ShotSpotter picks up $7.5M for gunshot sensing

ShotSpotter, a Santa Clara, Calif. startup that can help police and other security forces detect and triangulate gunshots in real-time, has raised $7.5 million for sales, marketing, and international expansion, in its fourth funding to date. The technology ShotSpotter has developed is conceptually simple: A network of audio sensors attached to phone lines or wireless communication devices is spread across an area, generally within a city. When shots are fired, the sensors pick up the sound, identify it as gunfire (as distinct from backfires, fireworks and other loud noises), triangulates on the source, and automatically notify nearby police. The specifics are a bit more technical, involving patented algorithms and specialized hardware. Several competitors, like the Secures system from Planning Systems, operate in the same space, but ShotSpotter says its technology requires less sensors and is more accurate. New investor the Westly Group led the round, and was joined by Norwest Venture Partners, Broidy Capital Management, Labrador Ventures, Levensohn Venture Partners, and Claremont Creek Ventures. ShotSpotter’s previous three rounds, including its previous round of $12 million (click for more coverage), bring its total financing to date to $29.6 million.
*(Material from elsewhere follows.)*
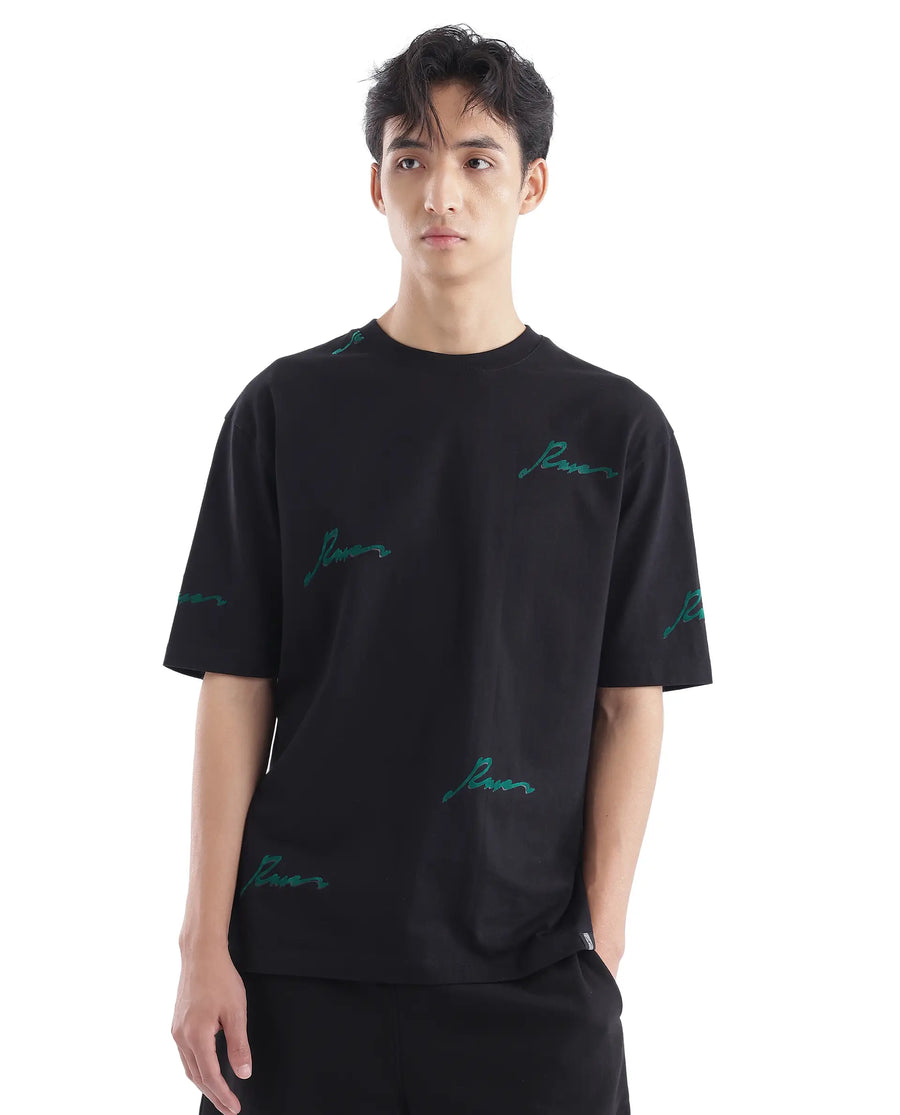 Rare Rabbit Men's Erken Black Cotton Graphic Print Oversized Fit Half Sleeve Crew Neck T-Shirt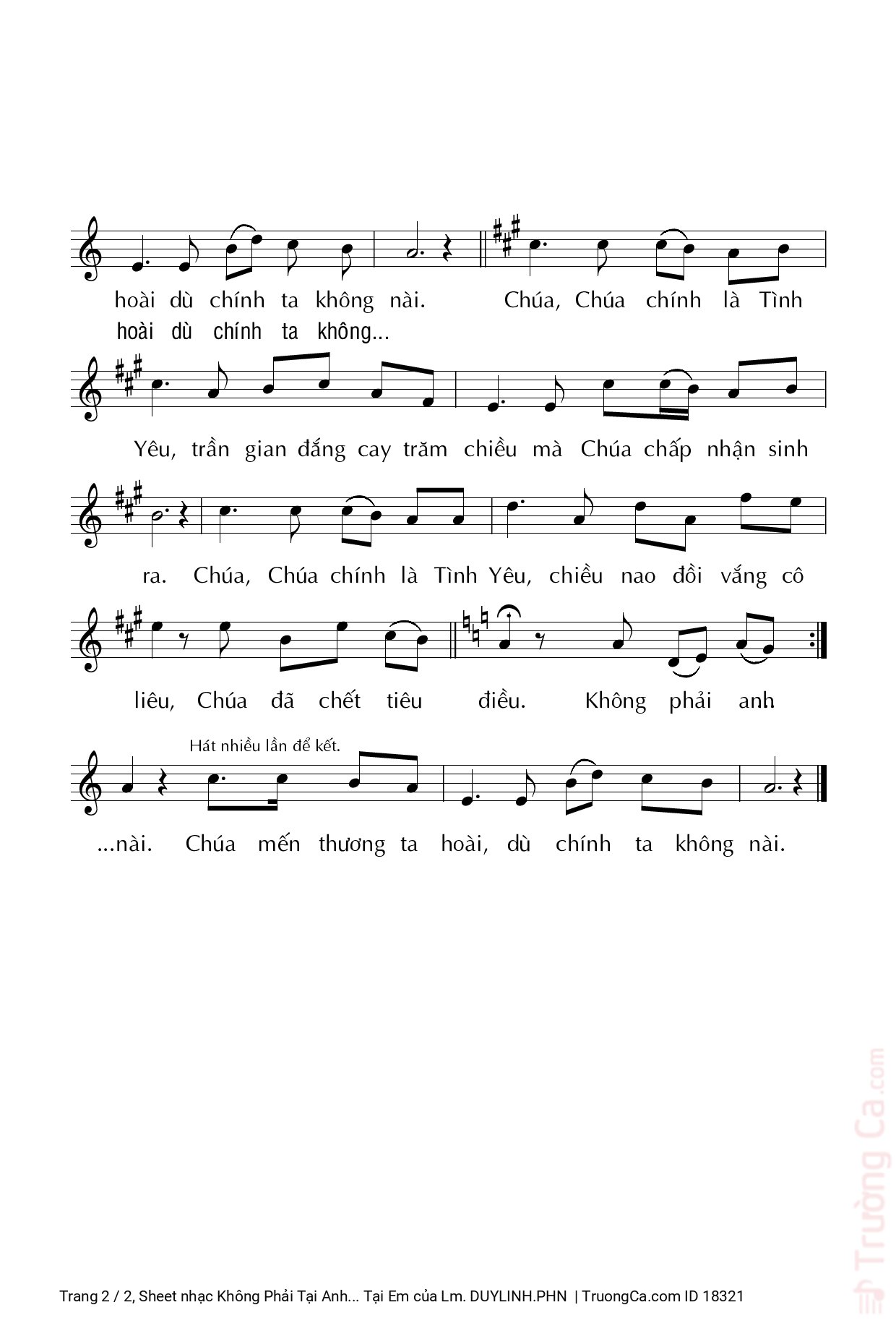 Không phải anh tài mà Chúa thương anh Không phải em duyên mà Chúa cũng yêu em, Trang 2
The company says this funding will be its last.

V2Green takes seed funding for plug-in electric charging tech

If plug-in and full-electric vehicles are ever to hit the road in significant numbers, their downtime at the charging plug could create a challenging new load for utilities. V2Green has software that it says can orchestrate vehicle charging with the generating capacity of the electrical grid. The Seattle-based company, founded in 2006 and just provided with seed funding, is developing an application that stays inside a vehicle and communicates with local utilities when it’s time to “fuel up”. The software could help direct cars to only charge when energy is cheap and readily available, a scheme that will work well with renewables like wind and solar power. Although it’ll be a few years yet until there are many electric vehicles on the road, there are likely to be numerous challenges for V2Green in cornering the market, once it exists. While consumers might see some small cost savings, “the ultimate beneficiary of smart-charging is the utilities,” CEO John Clark admits. Car makers and consumers will likely need incentives to encourage use of the software, like an up-front calculation of what it can save them, such as more efficient, but also more expensive CFL light bulbs have. And even with incentives, there could be some pitfalls to using the software, at least from the demanding viewpoint of consumers, who will want their car fully charged when they’re ready to drive — not when the grid is ready to supply energy. But for the moment, V2Green is still developing, although Clark says it already has some income. The company is doing testing with Austin Energy in Texas and Seattle City Light locally, and is also eyeing other opportunities for smart-grid software. V2Green took about $1 million from unnamed seed investors. The company is keeping the round open, and may begin looking for venture funding at the end of this year or early next.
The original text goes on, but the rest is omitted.